== Task instructions ==
Output the material exactly, with every line intact.

== Supplied records ==
BEGIN

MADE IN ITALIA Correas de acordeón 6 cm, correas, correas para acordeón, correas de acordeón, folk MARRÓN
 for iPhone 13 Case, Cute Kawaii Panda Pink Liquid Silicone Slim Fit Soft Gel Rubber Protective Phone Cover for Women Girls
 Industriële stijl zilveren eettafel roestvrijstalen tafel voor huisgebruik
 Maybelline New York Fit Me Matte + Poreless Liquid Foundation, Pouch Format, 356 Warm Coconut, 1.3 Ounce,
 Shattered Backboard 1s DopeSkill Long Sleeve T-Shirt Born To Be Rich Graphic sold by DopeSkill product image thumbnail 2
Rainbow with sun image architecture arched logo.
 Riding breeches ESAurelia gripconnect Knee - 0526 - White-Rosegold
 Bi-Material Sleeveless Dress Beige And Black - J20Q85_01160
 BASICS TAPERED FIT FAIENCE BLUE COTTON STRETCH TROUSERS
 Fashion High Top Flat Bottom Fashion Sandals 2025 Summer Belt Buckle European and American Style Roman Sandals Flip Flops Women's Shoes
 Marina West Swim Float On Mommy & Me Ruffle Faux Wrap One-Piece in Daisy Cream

END

== Written response ==
MADE IN ITALIA Correas de acordeón 6 cm, correas, correas para acordeón, correas de acordeón, folk MARRÓN
 for iPhone 13 Case, Cute Kawaii Panda Pink Liquid Silicone Slim Fit Soft Gel Rubber Protective Phone Cover for Women Girls
 Industriële stijl zilveren eettafel roestvrijstalen tafel voor huisgebruik
 Maybelline New York Fit Me Matte + Poreless Liquid Foundation, Pouch Format, 356 Warm Coconut, 1.3 Ounce,
 Shattered Backboard 1s DopeSkill Long Sleeve T-Shirt Born To Be Rich Graphic sold by DopeSkill product image thumbnail 2
Rainbow with sun image architecture arched logo.
 Riding breeches ESAurelia gripconnect Knee - 0526 - White-Rosegold
 Bi-Material Sleeveless Dress Beige And Black - J20Q85_01160
 BASICS TAPERED FIT FAIENCE BLUE COTTON STRETCH TROUSERS
 Fashion High Top Flat Bottom Fashion Sandals 2025 Summer Belt Buckle European and American Style Roman Sandals Flip Flops Women's Shoes
 Marina West Swim Float On Mommy & Me Ruffle Faux Wrap One-Piece in Daisy Cream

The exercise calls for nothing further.